For my upcoming evaluation, I put together an updated CV. On the off chance that it might interest someone, here it is.
Well, it’s not just an exersize in narcissism. I really struggled to figure out how to divide up the various kinds of projects I have been working on, in the “Scholarship” section. I settled on the following.
- Book chapter (peer reviewed)
- Edited works. Includes my digital republication of the Origin of Species.
- Invited lecture.
- “Evolution Resources” column in Evolution: Education and Outreach.
- Book reviews.
- Web presence. Blogs, twitter.
- Development. I am the BibDesk release engineer. Lapsed, apparently. Seriously, though, I will get to the next release soon.

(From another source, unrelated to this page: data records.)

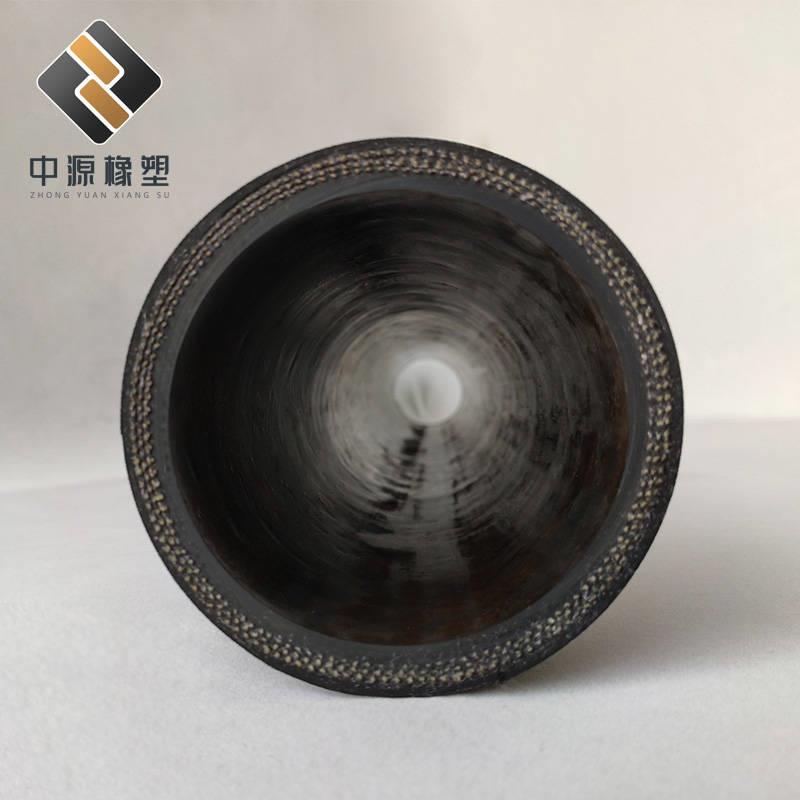 夹布橡胶管蒸汽管水管高压软管耐油胶管工程机械挖土机管液压油管
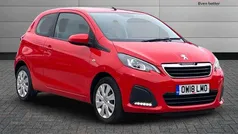 Used 2020 Peugeot 108 Active Hatchback | £6,325 (Good price)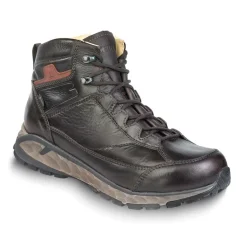 Brixen Mid Identity wandelschoenen heren dark brown*Meindl Outlet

- Computing. Applications, including svn, Emacs, other development tools.
I have no idea what this will mean to the Dean, the Provost, or the evaluation committee. Nor will I find out, either, except by way of a “thumbs up” or “thumbs down.”
It’s important to differentiate these different kinds of works according to their nature and purpose, rather than lumping them together as “web publications” or “software.” Look, we don’t put journal articles, posters, and books in the same category because they are all printed materials (or at least, used to be). In fact, some of the digital works do more or less the same thing as their print analogs, for instance, bibliographies. Whether in print or in the form of a BibTeX database, a collection of bibliographic records serve the same essential functions.
One thing that is clear, whatever other confusions there may be, is that I need to publish papers in the usual places, peer-reviewed periodicals, whether online or in any other form.
I’d be interested to hear about how other people in the Humanities working on digital projects have represented them to their administrators.